Here is a fun exercise, since the Professor is in Houston, look at the Texas state database of unclaimed property. Enter “Texas Commerce” in the company name. Last I looked, the entries were in the thousands even though TCB hasn’t existed as a legal entity for almost 30 years. The entries are for trust accounts managed by TCB for the benefit of some unknown individual because the reporting info truncates the name of the beneficial owner. Tens of billions are lost because the heirs don’t know the banks breached their fiduciary duty and just let the money fall through the cracks. The states and the SEC know of this but don’t want to force the financial firms to do the right thing and clean the mess up.
When the regulators know of financial chicanery involving tens of billions of dollars and choose to ignore it is it a problem of structure or a problem of leadeership?

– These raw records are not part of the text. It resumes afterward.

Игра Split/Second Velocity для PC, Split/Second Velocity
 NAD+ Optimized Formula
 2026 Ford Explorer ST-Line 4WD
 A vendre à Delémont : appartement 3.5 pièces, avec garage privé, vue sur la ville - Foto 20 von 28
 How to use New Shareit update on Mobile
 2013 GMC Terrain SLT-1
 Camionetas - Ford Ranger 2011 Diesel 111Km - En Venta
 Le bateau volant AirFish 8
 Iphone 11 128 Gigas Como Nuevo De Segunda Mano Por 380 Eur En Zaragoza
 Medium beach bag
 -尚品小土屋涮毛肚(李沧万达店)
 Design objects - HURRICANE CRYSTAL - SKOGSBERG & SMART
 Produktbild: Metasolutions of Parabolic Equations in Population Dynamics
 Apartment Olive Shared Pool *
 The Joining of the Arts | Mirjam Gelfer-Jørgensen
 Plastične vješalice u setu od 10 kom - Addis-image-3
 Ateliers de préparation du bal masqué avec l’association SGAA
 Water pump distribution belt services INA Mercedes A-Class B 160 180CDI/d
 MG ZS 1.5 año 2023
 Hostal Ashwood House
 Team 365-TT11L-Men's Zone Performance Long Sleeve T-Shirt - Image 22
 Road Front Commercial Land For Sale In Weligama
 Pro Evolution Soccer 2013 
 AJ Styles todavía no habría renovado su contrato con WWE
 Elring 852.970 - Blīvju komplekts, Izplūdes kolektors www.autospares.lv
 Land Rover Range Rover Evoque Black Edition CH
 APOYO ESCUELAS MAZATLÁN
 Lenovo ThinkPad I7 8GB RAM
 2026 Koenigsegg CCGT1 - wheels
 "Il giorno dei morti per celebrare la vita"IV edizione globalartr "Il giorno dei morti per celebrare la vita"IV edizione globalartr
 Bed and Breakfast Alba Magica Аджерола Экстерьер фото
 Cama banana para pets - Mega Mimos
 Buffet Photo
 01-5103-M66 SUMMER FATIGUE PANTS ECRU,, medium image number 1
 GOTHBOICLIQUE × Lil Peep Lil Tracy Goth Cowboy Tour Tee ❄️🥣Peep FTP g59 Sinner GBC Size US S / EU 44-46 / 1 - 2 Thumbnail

Comment by Charles — December 4, 2012 @ 6:04 pm
@Charles-The fact that neither has had leadership for decades is a pretty strong indication that pinning hopes on true leadership emerging is wildly optimistic. The incentive structure from the selection process through to actual performance produces what we get. In particular, since it is ruled by politicians, their interests will be served. And we’ll continue to get lapdogs.
I remember George Stigler describing some Ralph Nader study of some government agency. The report went through all the agency’s many failures, and then concluded that the solution was “better people.” Stigler mocked this. (It may be in one of his books . . . I remember him saying this in class.)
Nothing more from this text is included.